● Problem
Please keep the images out and set down the data exactly as given.

● Supplied material

┌──

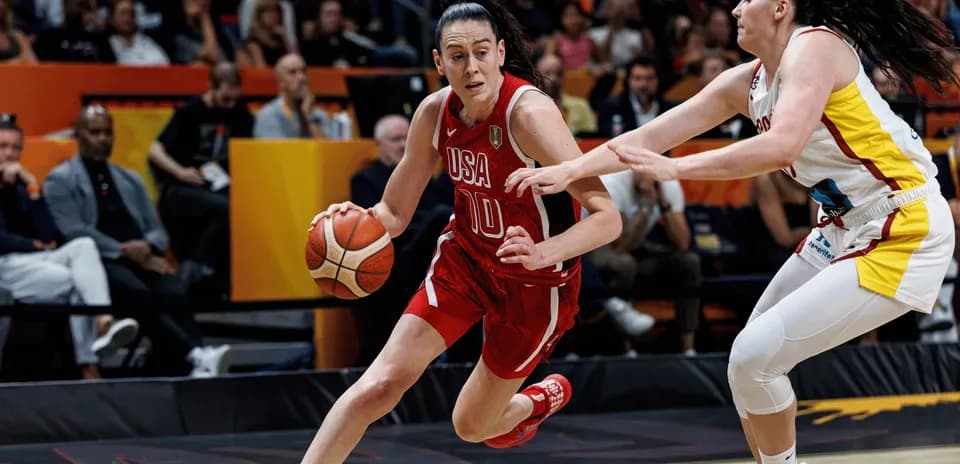 Player dribbling the ball during basketball game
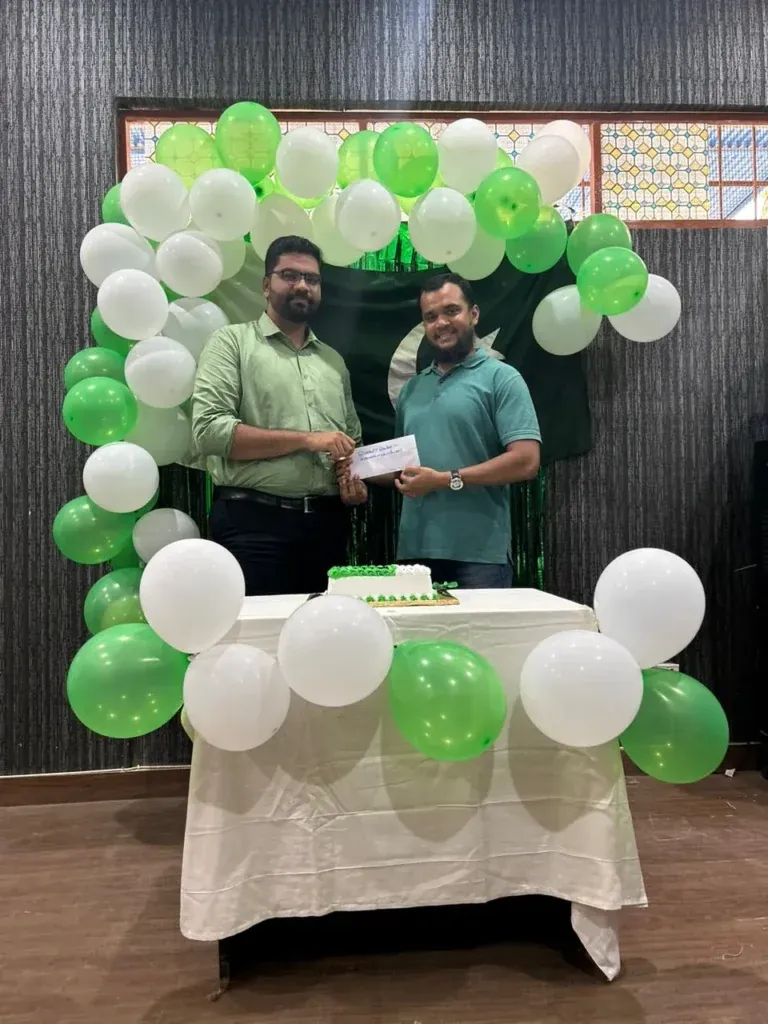 Two colleagues at the Independence Day balloon arch, Sherdil 2023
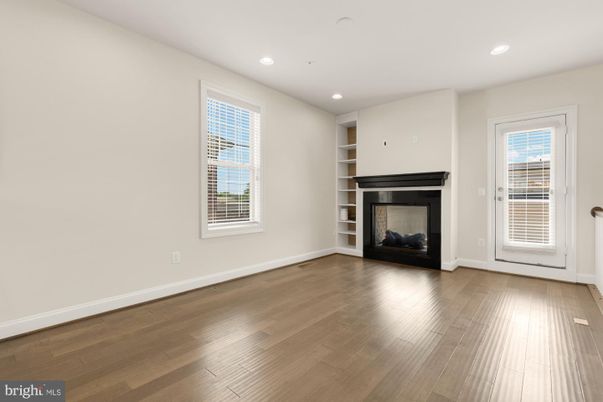 Empty room, Fireplace, Interior, Recessed Lighting, Wood Texture Flooring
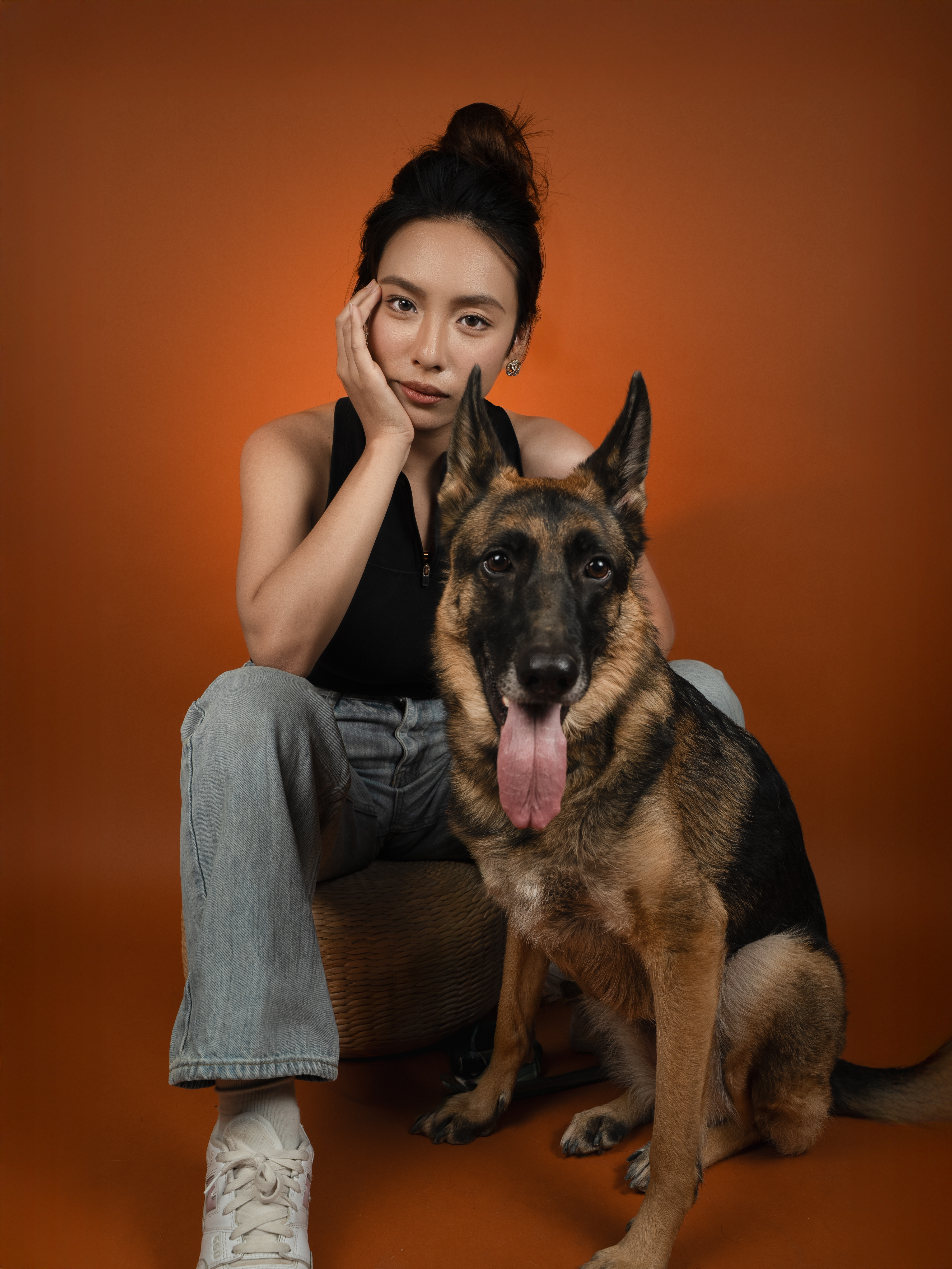 Woman posing with her German shepherd in a studio with warm orange backdrop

└──

● Reply
 Player dribbling the ball during basketball game
 Two colleagues at the Independence Day balloon arch, Sherdil 2023
 Empty room, Fireplace, Interior, Recessed Lighting, Wood Texture Flooring
 Woman posing with her German shepherd in a studio with warm orange backdrop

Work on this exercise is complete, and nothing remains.